In an analysis of infiltrated immune cells in subtypes of lung cancer, researchers found that LUADs with K-ras or EGFR mutations were more densely infiltrated by cells of myeloid lineage, whereas small cell lung cancers (SCLCs) were mostly infiltrated by T cells. Moreover, in K-ras mutant LUAD macrophage content increases with time (10). This finding suggests that K-ras mutated cancer cells can modulate the TME to facilitate their growth through recruiting and remodeling macrophages. Actually, lung epithelial activation of K-ras signaling led to LUAD development and pronounced pulmonary inflammation with a 14-fold increase in macrophage content and a 100-fold increase in neutrophil count (11). Further analysis showed that macrophage chemoattractants MCP-1 (CCL2) and MIP-1α (CCL3) and neutrophil chemoattractants MIP-2 (CXCL2) and KC (CXCL1) were significantly elevated, and these chemokines were secreted by K-ras activated tumor cells (11). After being recruited to tumor sites, these macrophages were reshaped into an M2 protumor phenotype (i.e., increased Arg1, Fizz1, and Mrc1 expression) to promote tumor progression (62).
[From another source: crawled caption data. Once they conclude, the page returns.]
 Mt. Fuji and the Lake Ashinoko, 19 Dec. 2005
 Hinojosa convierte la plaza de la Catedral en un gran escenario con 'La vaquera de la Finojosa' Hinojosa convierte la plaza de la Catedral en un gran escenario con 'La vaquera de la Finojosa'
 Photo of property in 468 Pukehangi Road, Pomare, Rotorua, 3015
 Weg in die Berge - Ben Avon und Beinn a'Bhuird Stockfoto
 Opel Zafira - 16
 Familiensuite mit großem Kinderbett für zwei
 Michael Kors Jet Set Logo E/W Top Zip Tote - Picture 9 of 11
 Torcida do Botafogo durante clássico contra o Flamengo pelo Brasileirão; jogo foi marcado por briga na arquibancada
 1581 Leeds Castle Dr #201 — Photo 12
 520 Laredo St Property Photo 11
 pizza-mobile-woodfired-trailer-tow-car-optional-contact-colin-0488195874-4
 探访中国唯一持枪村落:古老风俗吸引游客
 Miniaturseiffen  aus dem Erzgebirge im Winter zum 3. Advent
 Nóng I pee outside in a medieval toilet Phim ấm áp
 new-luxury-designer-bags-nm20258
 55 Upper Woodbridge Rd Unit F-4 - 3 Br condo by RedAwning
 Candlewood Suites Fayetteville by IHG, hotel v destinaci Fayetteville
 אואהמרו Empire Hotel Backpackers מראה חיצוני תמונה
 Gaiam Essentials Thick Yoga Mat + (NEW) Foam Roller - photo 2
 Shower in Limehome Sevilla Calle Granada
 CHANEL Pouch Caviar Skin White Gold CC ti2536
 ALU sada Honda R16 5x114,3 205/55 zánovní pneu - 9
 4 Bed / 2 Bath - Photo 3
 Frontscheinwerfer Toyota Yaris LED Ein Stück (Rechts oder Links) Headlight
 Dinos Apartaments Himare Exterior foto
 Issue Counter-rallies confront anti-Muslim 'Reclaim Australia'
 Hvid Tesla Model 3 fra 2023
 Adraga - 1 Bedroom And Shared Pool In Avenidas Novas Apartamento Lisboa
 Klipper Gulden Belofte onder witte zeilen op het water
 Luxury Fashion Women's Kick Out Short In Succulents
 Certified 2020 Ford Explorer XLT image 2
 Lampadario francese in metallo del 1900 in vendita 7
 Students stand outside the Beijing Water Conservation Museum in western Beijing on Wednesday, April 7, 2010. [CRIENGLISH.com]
Macrophages promote tumor progression through multiple mechanisms such as boosting angiogenesis, stimulating proliferation and EMT, remodeling the extracellular matrix (ECM), enhancing immunosuppression, and inhibiting antitumor cytotoxic activities (136, 143). In NSCLC patients, tumor-infiltrating macrophage density correlated significantly and positively with intratumor microvessel counts and negatively with patient survival. Recent studies using K-ras mutant LUAD models found that skewing from M2 to M1 in the TME resulted in reduced angiogenesis (143), and knocking out TLR9 in mononuclear cells led to reduced microvessel density and lower VEGF expression (144). Macrophages also undergo bidirectional crosstalk with lung cancer cells through CCR2-CCL2 and CX3CR1-CX3CL1 signaling axes to facilitate tumor growth as well as establish a nurturing tumor microvasculature and metastasis (145).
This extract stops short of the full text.